Nasce a Pisa nel 1907. Si trasferisce a Roma dove diventa scrittore, critico d'arte, saggista. Diventa segretario generale della Quadriennale di Roma. Nel 1986 vive una grave situazione economica e, dopo aver richiesto l'intervento della "legge Bacchelli", gli viene assegnato un vitalizio mensile. Muore a Roma nel 1993.
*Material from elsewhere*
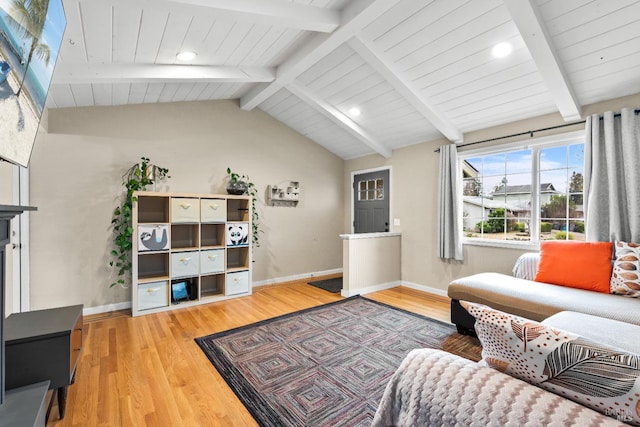 living room featuring lofted ceiling with beams and light wood-type flooring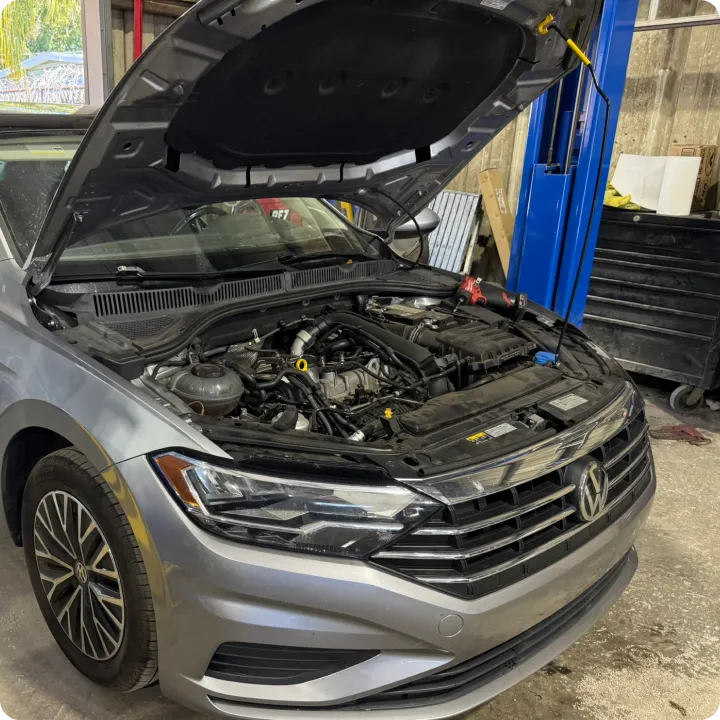 Silver Volkswagen car with the hood open, revealing the engine. The car is in a garage, conveying a setting of automotive repair or maintenance.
Oltre che critico militante nell'attualità, fu anche storico dell'arte italiana fra Ottocento e Novecento; fu inoltre pittore, letterato, poeta, organizzatore culturale. Era un gran signore e persona coltissima: ricordo che una sera, in un teatro di Pescara, recitò a memoria un canto della Divina Commedia. Dal 1951 al 1983 fu segretario generale della Quadriennale di Roma, dove nel 1974 invita anche Tono Zancanaro che crea appositamente una opera di grandi dimensioni ( m 1,80x4,20) che crea problemi di censura per via dei nudi maschili raffigurati, e che Bellonzi gestisce in manoiera diplomatica e spiritosa. Come segretario della Quadriennale con documentate pubblicazioni e con mostre anche all'estero, promosse e fece conoscere l'arte italiana. Si deve a lui la riscoperta e la valorizzazione di artisti importanti come Previati, Sartorio, De Carolis, Bistolfi. Il suo stile critico era formato da raffinati ingredienti: amore per la tradizione italiana, sereno equilibrio di giudizio che non indulgeva all'antiarte contemporanea, accurato studio delle opere, scorrevolezza di scrittura, per cui leggerlo era insieme un piacere e un arricchimento della conoscenza.